Supplied material:

* * * * *

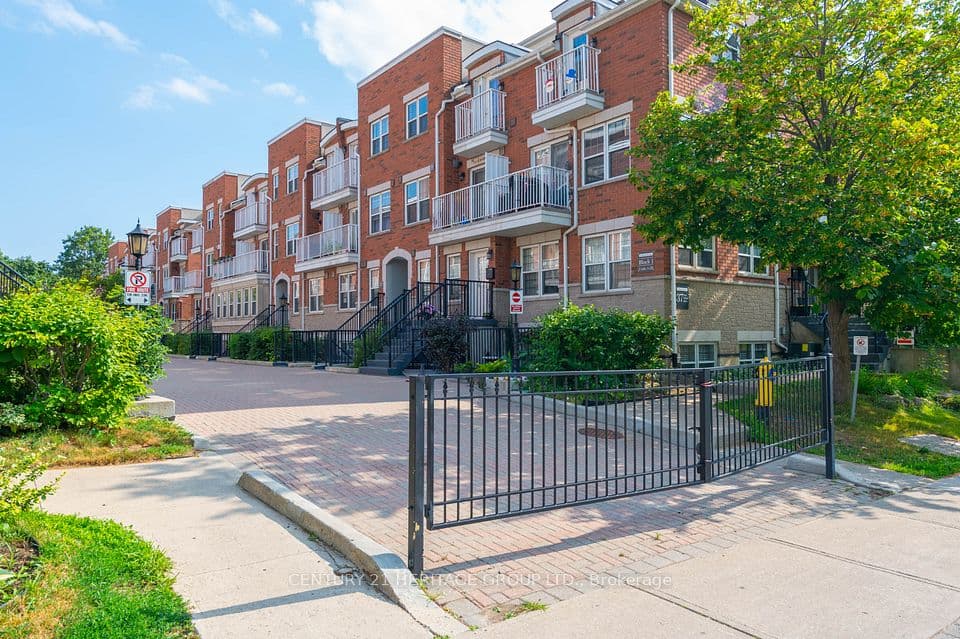 37 Four Winds Drive 24, Toronto, ON M3J 1K7 – main photo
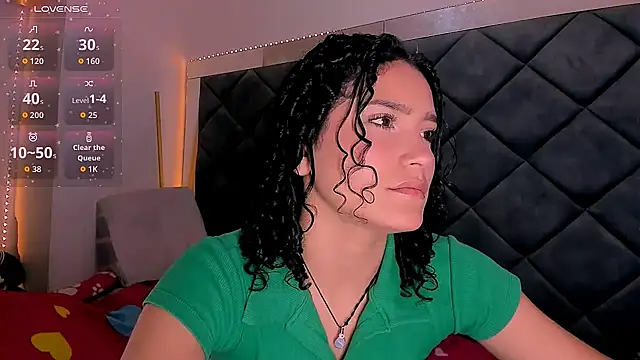 Nellyhills online show from September 2025 01:45:02 PM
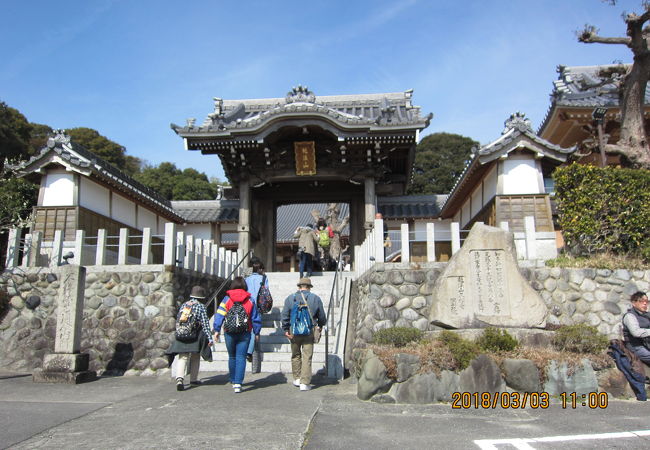 知多四国第１５番札所のお寺です。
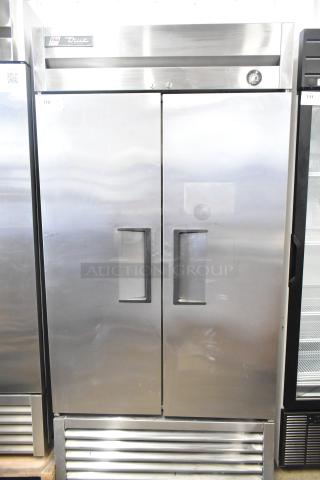 2016 True T-35 Commercial 2 Door Reach-In Cooler, 115 Volts, 1 Phase. Stainless steel, excellent condition.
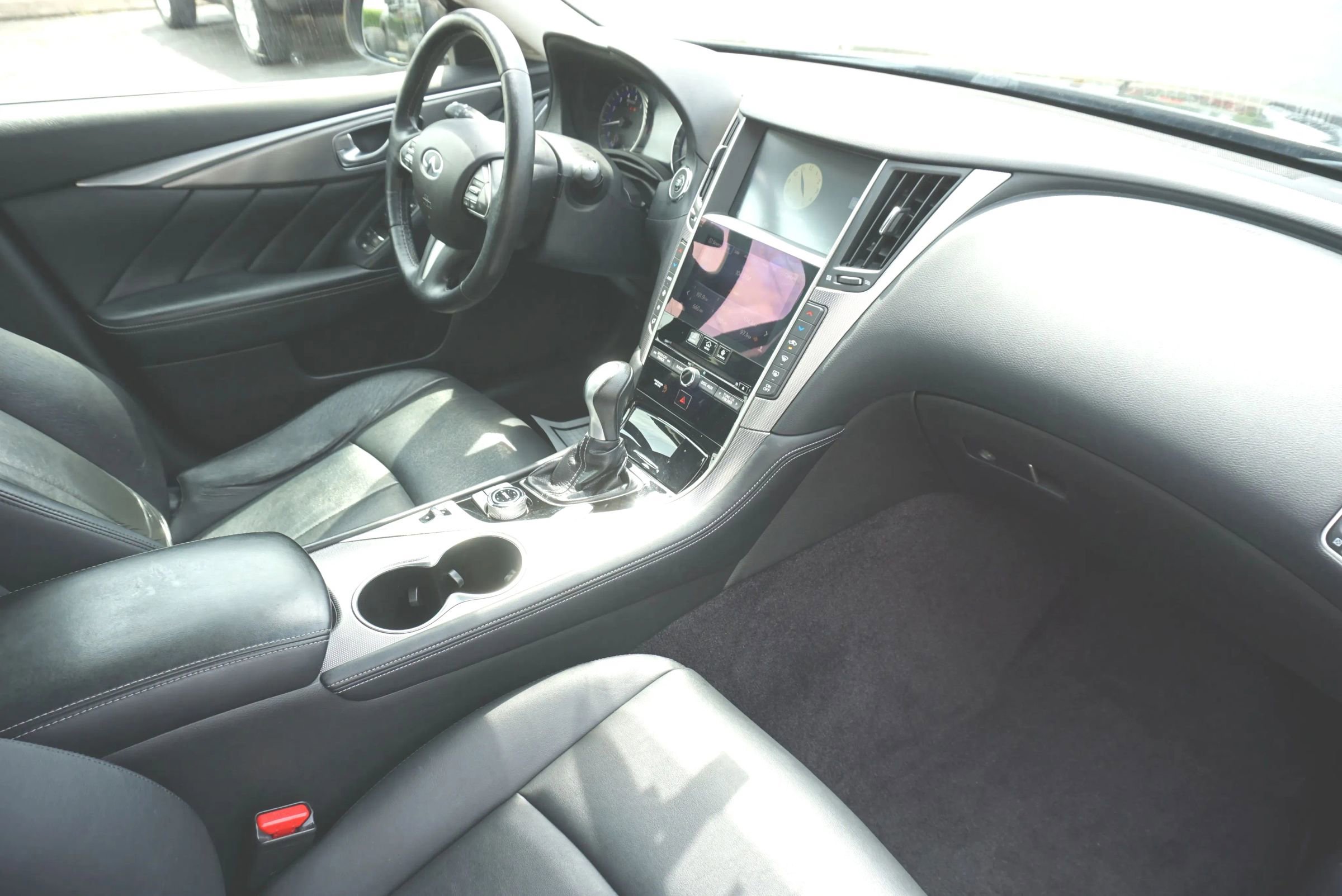 Used 2014 INFINITI Q50 2.0t w/ Moonroof Package AWD/4WD image 36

* * * * *

Assignment: Skip the pictures and quote each line of the entries above, from the first through the line with "2016 True T-35", exactly as it appears.

Response area:
 37 Four Winds Drive 24, Toronto, ON M3J 1K7 – main photo
 Nellyhills online show from September 2025 01:45:02 PM
 知多四国第１５番札所のお寺です。
 2016 True T-35 Commercial 2 Door Reach-In Cooler, 115 Volts, 1 Phase. Stainless steel, excellent condition.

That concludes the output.